» **How to complete this task**
Reproduce all the entries precisely.

» **Material for the task**
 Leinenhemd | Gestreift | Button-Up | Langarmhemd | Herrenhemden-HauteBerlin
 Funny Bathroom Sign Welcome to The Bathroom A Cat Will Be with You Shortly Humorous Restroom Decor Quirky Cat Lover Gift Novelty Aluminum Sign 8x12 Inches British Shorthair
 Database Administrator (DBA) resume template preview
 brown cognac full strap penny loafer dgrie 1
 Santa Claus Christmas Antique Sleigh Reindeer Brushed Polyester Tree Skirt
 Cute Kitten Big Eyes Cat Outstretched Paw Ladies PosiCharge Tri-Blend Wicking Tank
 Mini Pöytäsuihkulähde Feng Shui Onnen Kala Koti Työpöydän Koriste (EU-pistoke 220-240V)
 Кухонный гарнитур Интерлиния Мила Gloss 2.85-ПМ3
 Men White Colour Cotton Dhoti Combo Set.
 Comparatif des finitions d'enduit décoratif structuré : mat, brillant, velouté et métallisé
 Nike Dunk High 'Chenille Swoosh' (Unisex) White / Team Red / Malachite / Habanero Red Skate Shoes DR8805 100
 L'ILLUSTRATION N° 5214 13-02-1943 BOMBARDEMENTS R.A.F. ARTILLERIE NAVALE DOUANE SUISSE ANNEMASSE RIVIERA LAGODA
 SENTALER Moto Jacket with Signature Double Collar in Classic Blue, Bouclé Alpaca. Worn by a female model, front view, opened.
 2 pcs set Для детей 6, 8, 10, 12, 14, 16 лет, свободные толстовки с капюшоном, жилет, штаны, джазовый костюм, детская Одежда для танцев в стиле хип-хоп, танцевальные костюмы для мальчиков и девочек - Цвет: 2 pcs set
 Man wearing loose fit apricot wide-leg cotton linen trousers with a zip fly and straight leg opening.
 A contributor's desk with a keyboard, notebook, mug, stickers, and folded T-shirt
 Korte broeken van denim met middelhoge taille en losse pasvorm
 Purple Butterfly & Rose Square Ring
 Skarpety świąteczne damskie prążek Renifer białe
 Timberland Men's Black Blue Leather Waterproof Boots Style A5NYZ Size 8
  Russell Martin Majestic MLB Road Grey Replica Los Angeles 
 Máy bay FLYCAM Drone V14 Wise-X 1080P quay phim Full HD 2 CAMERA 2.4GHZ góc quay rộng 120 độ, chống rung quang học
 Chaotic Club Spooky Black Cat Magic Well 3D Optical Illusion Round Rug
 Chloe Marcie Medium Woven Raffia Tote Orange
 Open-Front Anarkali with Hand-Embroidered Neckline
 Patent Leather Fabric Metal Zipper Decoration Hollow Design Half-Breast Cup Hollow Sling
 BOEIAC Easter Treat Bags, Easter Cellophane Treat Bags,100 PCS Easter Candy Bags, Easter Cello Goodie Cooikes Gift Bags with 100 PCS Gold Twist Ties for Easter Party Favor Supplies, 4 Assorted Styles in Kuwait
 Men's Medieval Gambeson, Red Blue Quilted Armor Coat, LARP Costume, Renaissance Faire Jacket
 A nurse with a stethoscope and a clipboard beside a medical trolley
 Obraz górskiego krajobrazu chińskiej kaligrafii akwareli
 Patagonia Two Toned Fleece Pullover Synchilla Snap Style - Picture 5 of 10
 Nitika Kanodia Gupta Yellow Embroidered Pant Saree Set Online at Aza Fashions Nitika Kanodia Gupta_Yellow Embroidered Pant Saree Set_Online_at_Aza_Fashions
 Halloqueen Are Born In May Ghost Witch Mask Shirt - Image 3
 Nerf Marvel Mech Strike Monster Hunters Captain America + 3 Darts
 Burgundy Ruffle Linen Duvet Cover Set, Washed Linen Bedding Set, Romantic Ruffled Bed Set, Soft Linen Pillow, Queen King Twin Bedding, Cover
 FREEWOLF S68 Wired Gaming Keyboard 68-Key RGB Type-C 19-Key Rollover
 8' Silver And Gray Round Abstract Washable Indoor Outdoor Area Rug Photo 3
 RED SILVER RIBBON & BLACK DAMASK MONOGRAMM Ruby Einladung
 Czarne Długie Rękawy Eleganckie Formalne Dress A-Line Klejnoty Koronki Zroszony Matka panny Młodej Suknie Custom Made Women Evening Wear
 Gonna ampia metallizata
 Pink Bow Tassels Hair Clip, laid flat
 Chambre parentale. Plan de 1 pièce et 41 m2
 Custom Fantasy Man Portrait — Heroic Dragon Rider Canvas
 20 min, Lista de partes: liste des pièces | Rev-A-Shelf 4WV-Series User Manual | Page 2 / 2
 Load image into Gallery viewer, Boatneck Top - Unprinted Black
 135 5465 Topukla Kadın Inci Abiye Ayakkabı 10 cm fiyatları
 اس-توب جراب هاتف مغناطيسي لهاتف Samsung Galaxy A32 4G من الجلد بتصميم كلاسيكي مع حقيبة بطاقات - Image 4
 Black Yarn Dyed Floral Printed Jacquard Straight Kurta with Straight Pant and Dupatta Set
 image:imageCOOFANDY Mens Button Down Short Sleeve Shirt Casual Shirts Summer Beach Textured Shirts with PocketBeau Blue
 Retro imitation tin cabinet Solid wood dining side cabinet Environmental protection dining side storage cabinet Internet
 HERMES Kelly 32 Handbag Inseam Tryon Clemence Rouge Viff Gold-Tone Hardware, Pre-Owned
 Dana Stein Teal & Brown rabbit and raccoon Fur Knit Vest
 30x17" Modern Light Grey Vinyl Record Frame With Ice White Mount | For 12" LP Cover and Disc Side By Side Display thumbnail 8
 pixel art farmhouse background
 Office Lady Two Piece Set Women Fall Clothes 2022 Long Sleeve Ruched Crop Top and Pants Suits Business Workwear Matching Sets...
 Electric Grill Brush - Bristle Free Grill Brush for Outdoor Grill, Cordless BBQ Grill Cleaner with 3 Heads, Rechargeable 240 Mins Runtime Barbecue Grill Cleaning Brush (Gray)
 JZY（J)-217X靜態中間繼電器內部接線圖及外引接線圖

» **Finished exercise**
 Leinenhemd | Gestreift | Button-Up | Langarmhemd | Herrenhemden-HauteBerlin
 Funny Bathroom Sign Welcome to The Bathroom A Cat Will Be with You Shortly Humorous Restroom Decor Quirky Cat Lover Gift Novelty Aluminum Sign 8x12 Inches British Shorthair
 Database Administrator (DBA) resume template preview
 brown cognac full strap penny loafer dgrie 1
 Santa Claus Christmas Antique Sleigh Reindeer Brushed Polyester Tree Skirt
 Cute Kitten Big Eyes Cat Outstretched Paw Ladies PosiCharge Tri-Blend Wicking Tank
 Mini Pöytäsuihkulähde Feng Shui Onnen Kala Koti Työpöydän Koriste (EU-pistoke 220-240V)
 Кухонный гарнитур Интерлиния Мила Gloss 2.85-ПМ3
 Men White Colour Cotton Dhoti Combo Set.
 Comparatif des finitions d'enduit décoratif structuré : mat, brillant, velouté et métallisé
 Nike Dunk High 'Chenille Swoosh' (Unisex) White / Team Red / Malachite / Habanero Red Skate Shoes DR8805 100
 L'ILLUSTRATION N° 5214 13-02-1943 BOMBARDEMENTS R.A.F. ARTILLERIE NAVALE DOUANE SUISSE ANNEMASSE RIVIERA LAGODA
 SENTALER Moto Jacket with Signature Double Collar in Classic Blue, Bouclé Alpaca. Worn by a female model, front view, opened.
 2 pcs set Для детей 6, 8, 10, 12, 14, 16 лет, свободные толстовки с капюшоном, жилет, штаны, джазовый костюм, детская Одежда для танцев в стиле хип-хоп, танцевальные костюмы для мальчиков и девочек - Цвет: 2 pcs set
 Man wearing loose fit apricot wide-leg cotton linen trousers with a zip fly and straight leg opening.
 A contributor's desk with a keyboard, notebook, mug, stickers, and folded T-shirt
 Korte broeken van denim met middelhoge taille en losse pasvorm
 Purple Butterfly & Rose Square Ring
 Skarpety świąteczne damskie prążek Renifer białe
 Timberland Men's Black Blue Leather Waterproof Boots Style A5NYZ Size 8
  Russell Martin Majestic MLB Road Grey Replica Los Angeles 
 Máy bay FLYCAM Drone V14 Wise-X 1080P quay phim Full HD 2 CAMERA 2.4GHZ góc quay rộng 120 độ, chống rung quang học
 Chaotic Club Spooky Black Cat Magic Well 3D Optical Illusion Round Rug
 Chloe Marcie Medium Woven Raffia Tote Orange
 Open-Front Anarkali with Hand-Embroidered Neckline
 Patent Leather Fabric Metal Zipper Decoration Hollow Design Half-Breast Cup Hollow Sling
 BOEIAC Easter Treat Bags, Easter Cellophane Treat Bags,100 PCS Easter Candy Bags, Easter Cello Goodie Cooikes Gift Bags with 100 PCS Gold Twist Ties for Easter Party Favor Supplies, 4 Assorted Styles in Kuwait
 Men's Medieval Gambeson, Red Blue Quilted Armor Coat, LARP Costume, Renaissance Faire Jacket
 A nurse with a stethoscope and a clipboard beside a medical trolley
 Obraz górskiego krajobrazu chińskiej kaligrafii akwareli
 Patagonia Two Toned Fleece Pullover Synchilla Snap Style - Picture 5 of 10
 Nitika Kanodia Gupta Yellow Embroidered Pant Saree Set Online at Aza Fashions Nitika Kanodia Gupta_Yellow Embroidered Pant Saree Set_Online_at_Aza_Fashions
 Halloqueen Are Born In May Ghost Witch Mask Shirt - Image 3
 Nerf Marvel Mech Strike Monster Hunters Captain America + 3 Darts
 Burgundy Ruffle Linen Duvet Cover Set, Washed Linen Bedding Set, Romantic Ruffled Bed Set, Soft Linen Pillow, Queen King Twin Bedding, Cover
 FREEWOLF S68 Wired Gaming Keyboard 68-Key RGB Type-C 19-Key Rollover
 8' Silver And Gray Round Abstract Washable Indoor Outdoor Area Rug Photo 3
 RED SILVER RIBBON & BLACK DAMASK MONOGRAMM Ruby Einladung
 Czarne Długie Rękawy Eleganckie Formalne Dress A-Line Klejnoty Koronki Zroszony Matka panny Młodej Suknie Custom Made Women Evening Wear
 Gonna ampia metallizata
 Pink Bow Tassels Hair Clip, laid flat
 Chambre parentale. Plan de 1 pièce et 41 m2
 Custom Fantasy Man Portrait — Heroic Dragon Rider Canvas
 20 min, Lista de partes: liste des pièces | Rev-A-Shelf 4WV-Series User Manual | Page 2 / 2
 Load image into Gallery viewer, Boatneck Top - Unprinted Black
 135 5465 Topukla Kadın Inci Abiye Ayakkabı 10 cm fiyatları
 اس-توب جراب هاتف مغناطيسي لهاتف Samsung Galaxy A32 4G من الجلد بتصميم كلاسيكي مع حقيبة بطاقات - Image 4
 Black Yarn Dyed Floral Printed Jacquard Straight Kurta with Straight Pant and Dupatta Set
 image:imageCOOFANDY Mens Button Down Short Sleeve Shirt Casual Shirts Summer Beach Textured Shirts with PocketBeau Blue
 Retro imitation tin cabinet Solid wood dining side cabinet Environmental protection dining side storage cabinet Internet
 HERMES Kelly 32 Handbag Inseam Tryon Clemence Rouge Viff Gold-Tone Hardware, Pre-Owned
 Dana Stein Teal & Brown rabbit and raccoon Fur Knit Vest
 30x17" Modern Light Grey Vinyl Record Frame With Ice White Mount | For 12" LP Cover and Disc Side By Side Display thumbnail 8
 pixel art farmhouse background
 Office Lady Two Piece Set Women Fall Clothes 2022 Long Sleeve Ruched Crop Top and Pants Suits Business Workwear Matching Sets...
 Electric Grill Brush - Bristle Free Grill Brush for Outdoor Grill, Cordless BBQ Grill Cleaner with 3 Heads, Rechargeable 240 Mins Runtime Barbecue Grill Cleaning Brush (Gray)
 JZY（J)-217X靜態中間繼電器內部接線圖及外引接線圖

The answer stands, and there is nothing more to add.